## Information shown
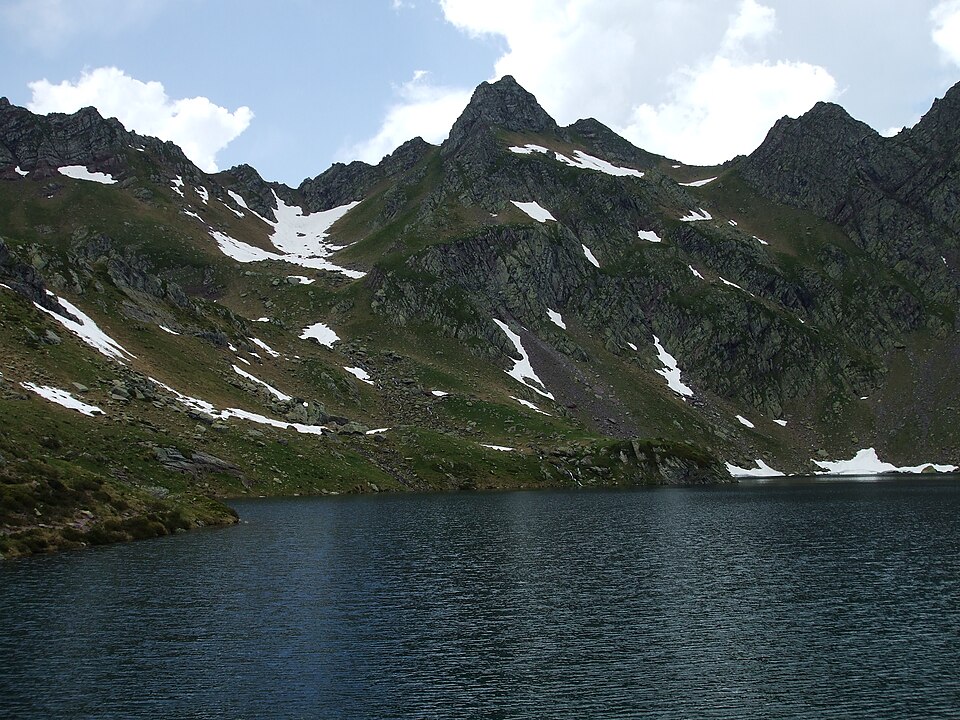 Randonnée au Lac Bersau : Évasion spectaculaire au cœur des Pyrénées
* * *
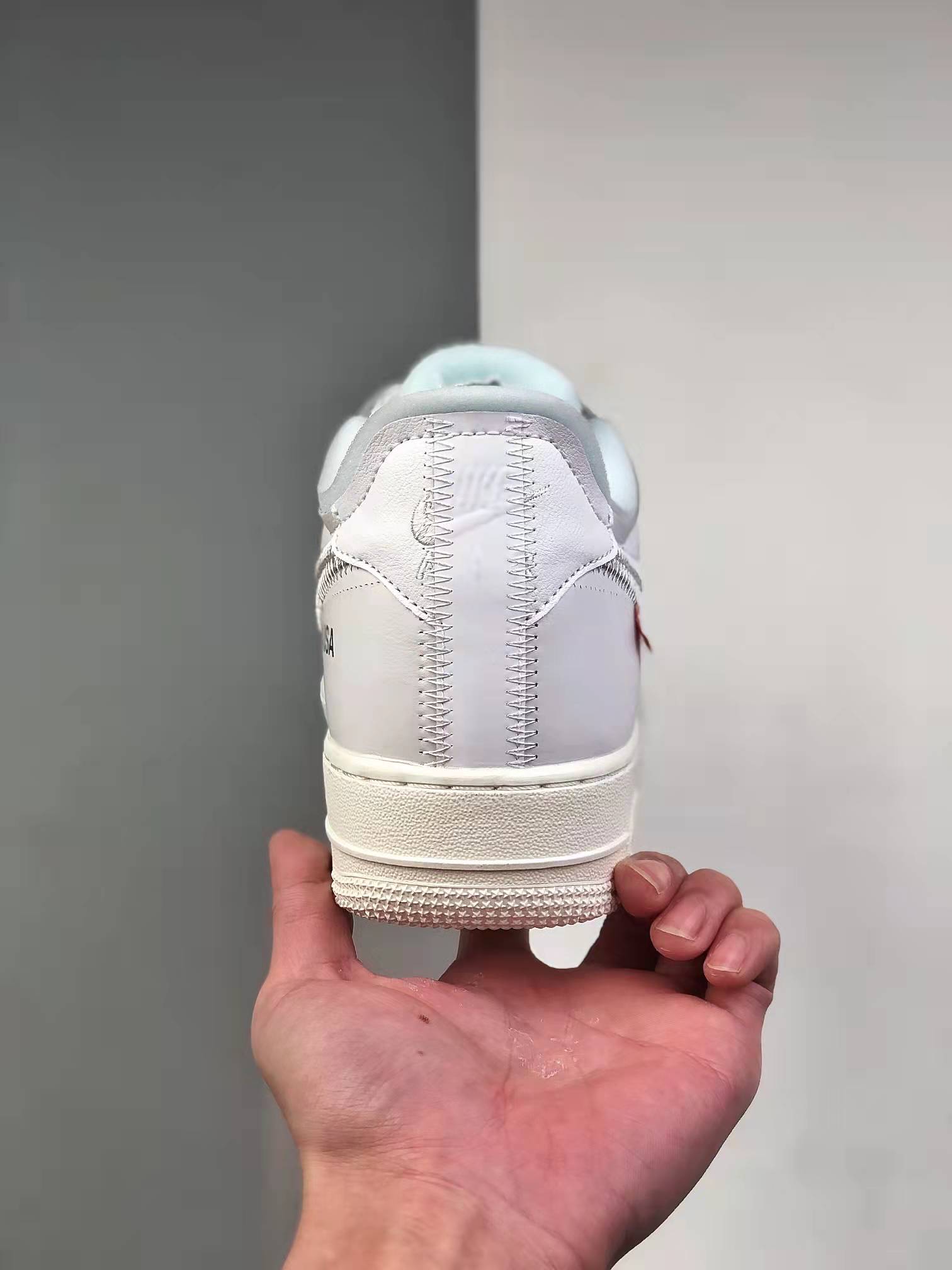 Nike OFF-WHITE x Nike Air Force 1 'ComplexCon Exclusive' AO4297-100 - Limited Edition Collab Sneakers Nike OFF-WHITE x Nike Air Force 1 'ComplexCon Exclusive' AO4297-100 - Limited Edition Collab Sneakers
...
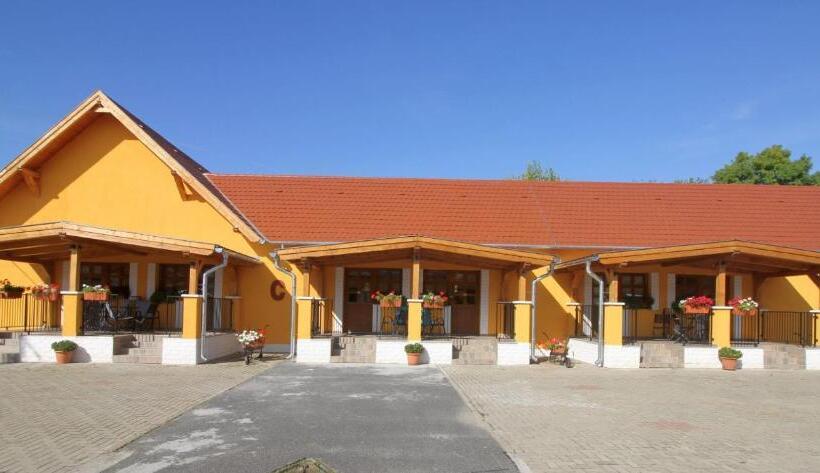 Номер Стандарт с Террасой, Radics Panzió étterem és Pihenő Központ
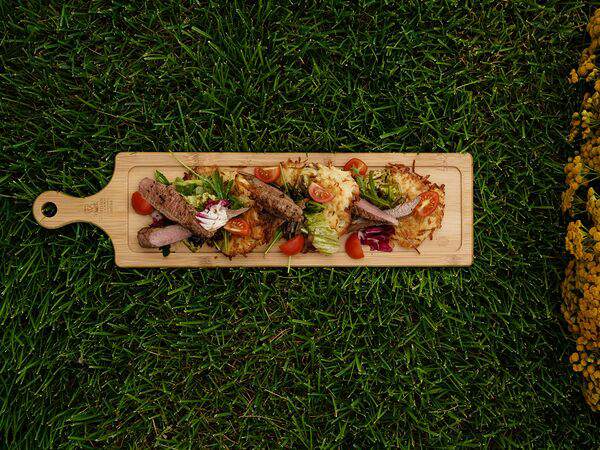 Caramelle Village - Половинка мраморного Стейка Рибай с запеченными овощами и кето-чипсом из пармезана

## About this exercise
Once the line with "Номер Стандарт с" is found above, print it and every line after it through the line with "Caramelle Village - Половинка", exactly. Pictures stay out.

## Written solution
 Номер Стандарт с Террасой, Radics Panzió étterem és Pihenő Központ
 Caramelle Village - Половинка мраморного Стейка Рибай с запеченными овощами и кето-чипсом из пармезана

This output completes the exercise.